HAHDA ANIMAL WELFARE PROGRAM
HAHDA was born out of the need to help those marginalized individuals in society like people with disabilities, the elderly, orphans and the youth in general especially in low income areas like city slums and rural areas.
Along the way we realized the plight of the animals in these areas and in digging further we found that helping these unfortunate co-inhabitants in these slums would also positively impact the human population they shared them with.
Kampala district has over 1.6 million residents, 70 percent of citizens ages 18-64 live below the poverty line, according to the national population Resource Center. And the citizens are not the only ones struggling, Thousands of stray dogs and cats peer timidly from under buildings and dart from the roads. Many were abandoned by local owners during dire financial times, but many more never had homes in the first place. This overpopulation is not only sad for the animals, but it is unsafe for the community. The strays’ lack of socialization can make them dangerous to both people, pets and themselves, especially if the strays feel threatened. In addition, the district animal welfare board has reported numerous dog attacks on civilians and vice versa. These dangers can also culminate in financial issues: culminating from attacks on residents from strays and other untrained pets on residents for example.
Fortunately, this need in the community has been addressed with our proposed construction of the Central Animal shelter in Kampala or Mukono district.
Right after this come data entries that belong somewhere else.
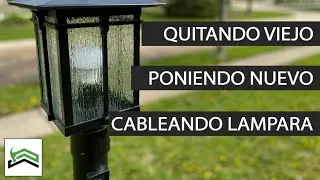 Mo Actualizar O Reemplazar Un Poste De Luz Y lampara
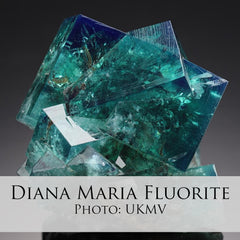 Diana Maria Fluorite Cluster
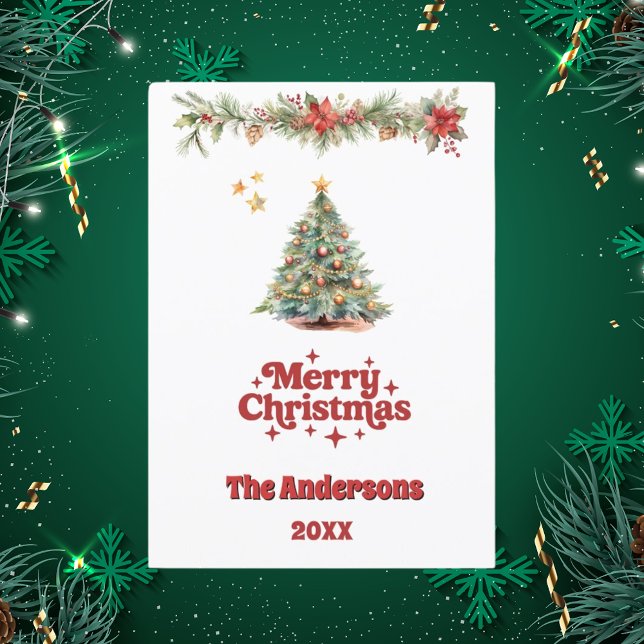 Cartão de granja da árvore de Natal feliz (Criador carregado)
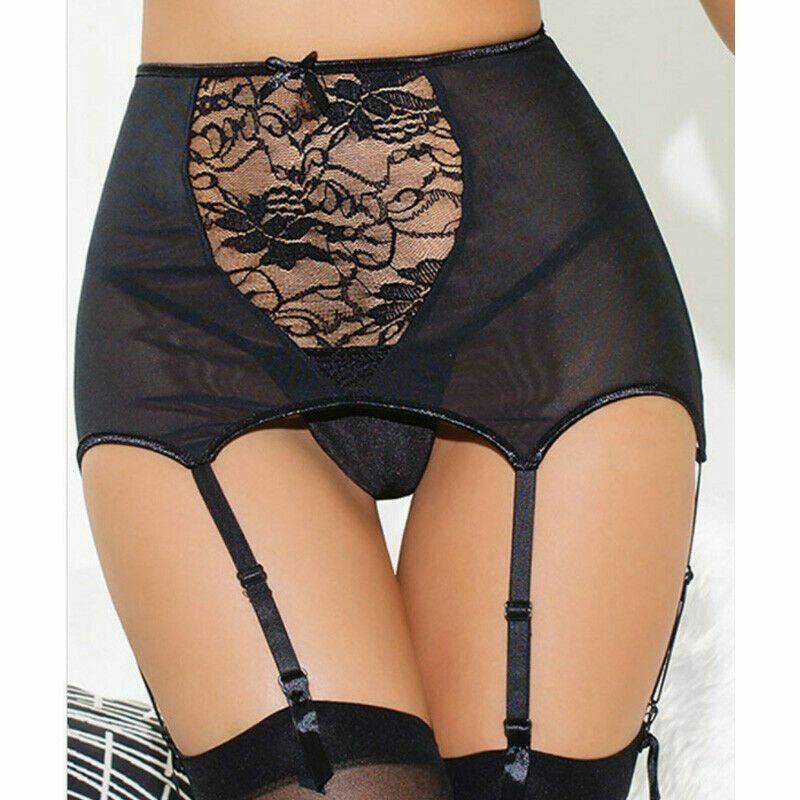 Beautiful Lingerie High Waist Garter Stocking Lace Suspender Sexy Women Belt Set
It’s now possible for HAHDA which would operate the shelter along with its various partners and volunteers, to curtail the stray overpopulation by taking in animals and giving them a chance to be adopted. Of course, every dog or cat adopted will be spayed/neutered if they are not already it is included in the adoption fee. As the overpopulation decreases, so will strays’ struggle for survival and people’s dangerous and costly situations.